Site icon Turkish Minute

Armenia to remove Mount Ararat from passport stamps in symbolic step toward Turkey

Armenia will drop Mount Ararat from passport stamps at its border crossings, a government decree showed, in a move officials say aims to avoid sending “dangerous messages” to neighbors but which critics denounce as a concession to Ankara.

The order, signed by Prime Minister Nikol Pashinyan on September 11 and reported by the Asbarez website, takes effect on November 1 and introduces redesigned stamps without the mountain’s silhouette

Pashinyan defended the change at a security conference in Yerevan, arguing symbols should not provoke conflict. “You built your house within the confines of your neighborhood, but you paint a picture on your house, especially on the outer walls, that symbolizes your perception that your neighbor does not deserve to have what he has,” he said.

Ruling party secretary Artur Hovhannisyan said passport stamps should feature only state emblems and not send “dangerous messages.”

Opposition leader Seyran Ohanyan countered that the government was acting “under coercion” to satisfy the Ankara.

Mount Ararat, known in Turkey as Mount Ağrı, lies across the border but has long been central to Armenian identity.
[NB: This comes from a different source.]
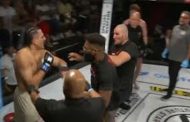 مقاتل UFC سابق يهاجم زميله داخل الحلبة...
It is featured on the coat of arms, currency and cultural works, with Armenians living around the mountain until the early 20th century. Some nationalist groups still claim it “belongs” to them. In recent years, Pashinyan’s government has promoted Mount Aragats — Armenia’s highest peak inside its borders — as the centerpiece of national symbolism.

The decree came as Armenia and Turkey push a fragile normalization process launched in late 2021. The two sides have agreed on some concrete steps, including opening the land border for third-country nationals and resuming direct air cargo, while also discussing possible rail links and visa facilitation. The border remains officially closed, and Ankara continues to tie broader progress to a peace deal with Azerbaijan, though both governments stress that the dialogue is continuing “without preconditions.”

Officials in Ankara have described recent contacts as constructive, with Turkish media pointing out the decision on stamps as a gesture aligned with normalization.

Pashinyan and Turkish President Recep Tayyip Erdoğan have met several times, most recently in İstanbul in June 2025. A day after the decree, envoys Serdar Kılıç and Ruben Rubinyan met in Yerevan, with Kılıç crossing the Alican checkpoint by land for the first time in decades, underscoring how symbolic and diplomatic steps are moving in parallel.

The new stamps, set for November 1, will carry only technical border-crossing details. Analysts say the change reflects the government’s “Real Armenia” approach, downplaying sentimental symbols in favor of pragmatic representation. Whether the move paves the way for fully reopened borders and restored diplomatic ties remains to be seen.